Aurora City Council approves purchase of Crowne Plaza Hotel property for homeless navigation campus

The city of Aurora plans to buy the Crowne Plaza Hotel and turn it into a “regional navigation center” that provides temporary housing and services for people who are homeless.

Aurora City Council members approved the purchase Monday night 7-3 for the 255-room hotel and convention center at 15500 E. 40th Ave. near the airport at a cost of $26.5 million or less.

The city would close on the property in May, and the earliest the facility could open is early 2025, according to city staff. The facility would be used for transitional housing, employment services, workforce development, mental and behavioral health services, case management, emergency and day shelter space and meals.

Funding would come from the Colorado Department of Local Affairs and federal COVID relief dollars to Aurora, Arapahoe, Adams and Douglas counties.

“We are excited about the possibility of this navigation campus coming to fruition sooner than we all expected,” Aurora Mayor Mike Coffman said in a statement. “The resources slated for the campus represent Aurora’s unique approach to addressing homelessness in a constructive, rehabilitative way using the work-first model we adopted.”
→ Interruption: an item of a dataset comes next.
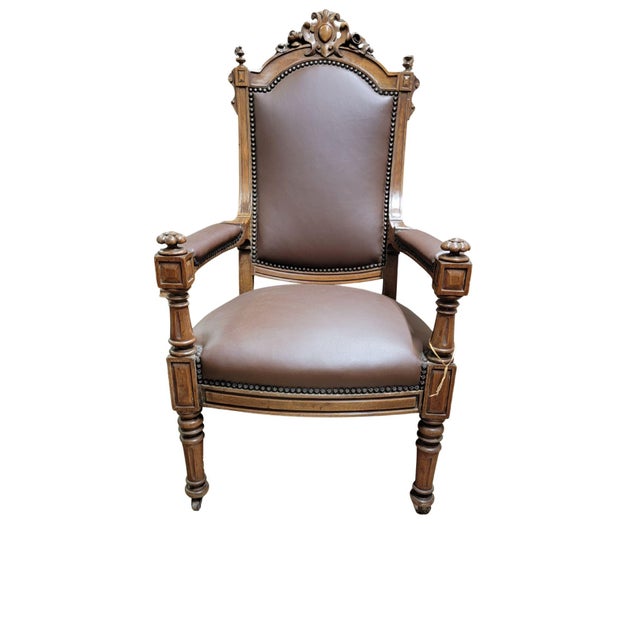 A Victorian Leather Armchair. The top rail with a shield with roses either side and turned finials on top of either end....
The city had previously planned to build a new facility for a navigation center on city-owned land at East 32nd Avenue and Chambers Road, but officials said this would be a lower cost and become available more quickly.
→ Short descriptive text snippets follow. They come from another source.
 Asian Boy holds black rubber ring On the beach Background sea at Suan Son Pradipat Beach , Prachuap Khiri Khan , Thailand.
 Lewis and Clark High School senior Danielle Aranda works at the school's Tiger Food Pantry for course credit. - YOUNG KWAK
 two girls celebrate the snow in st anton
Coffman said this center and its service offerings will be modeled partly after the “work-first” model of the Colorado Springs’ Rescue Mission and the San Antonio Ready to Work program. That’s different than the housing-first model that Houston successfully implemented to reduce its homeless population and what Mayor Mike Johnston’s administration is doing in Denver to house people who are homeless, an approach previously supported by progressives on Aurora’s council.

Councilman Dustin Zvonek said he believes this is a better solution. It will allow the city to more aggressively enforce its camping ban, he said, as well as reduce the amount of resources the city spends on homeless services with the nonprofit partners operating the facility and fundraising.